=== Begin Enclosure ===
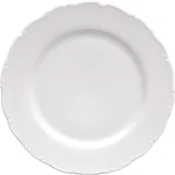 Plitev krožnik Thun Ophelie, bel, 27 cm (6 kos)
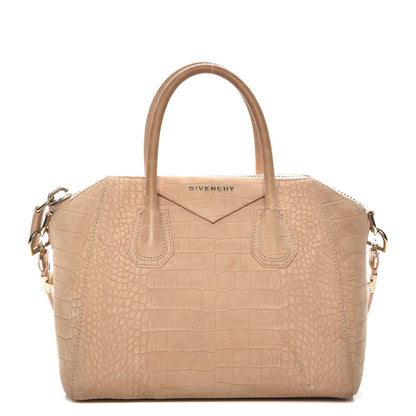 Givenchy Nubuck Crocodile Embossed Small Antigona Beige 1 of 8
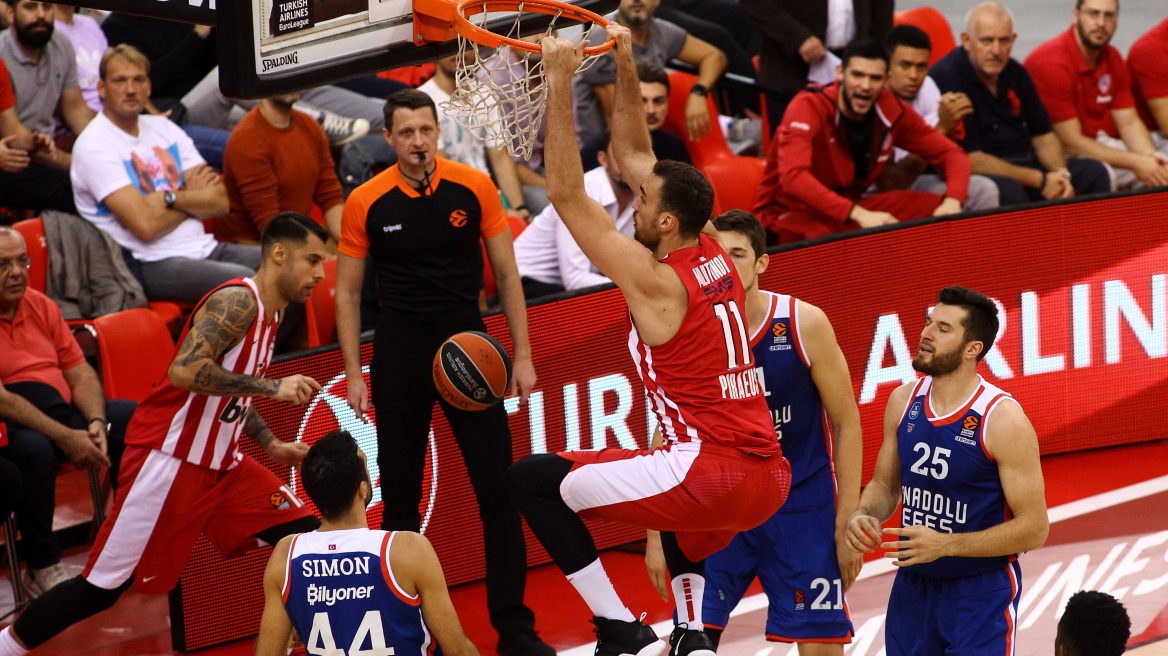 Euroleague, Ολυμπιακός-Εφές 67-86: Στο ίδιο έργο θεατές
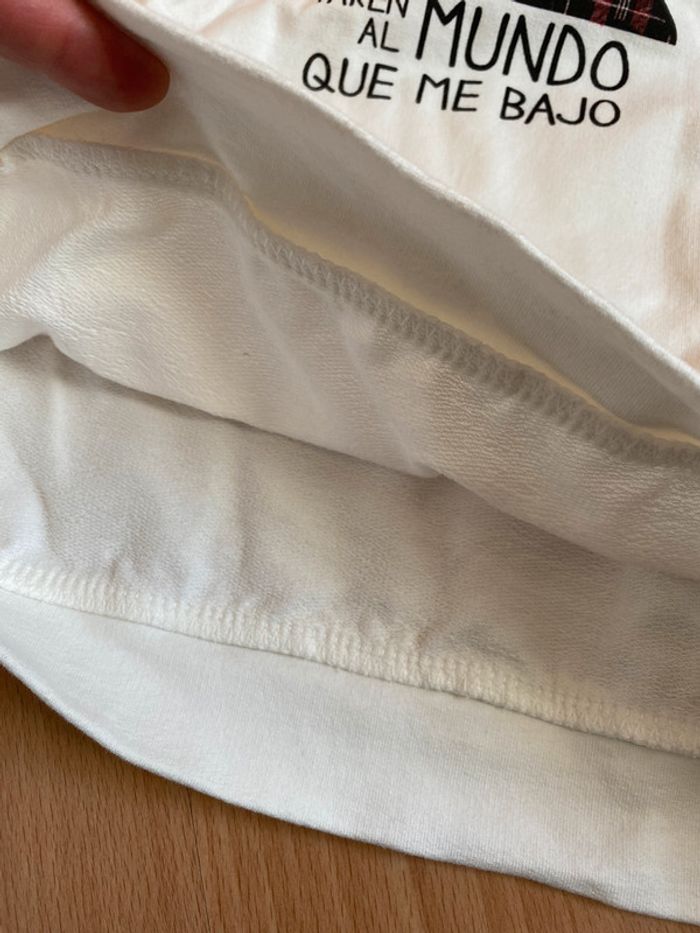 Beau pull léger blanc ML T. 14 ans fille neuf avec étiquette - photo numéro 6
=== End Enclosure ===
**ASSIGNMENT**
Starting with the line that holds "Givenchy Nubuck Crocodile", copy every line exactly through the final line of the material, but skip the pictures.

**EXERCISE ANSWER**
 Givenchy Nubuck Crocodile Embossed Small Antigona Beige 1 of 8
 Euroleague, Ολυμπιακός-Εφές 67-86: Στο ίδιο έργο θεατές
 Beau pull léger blanc ML T. 14 ans fille neuf avec étiquette - photo numéro 6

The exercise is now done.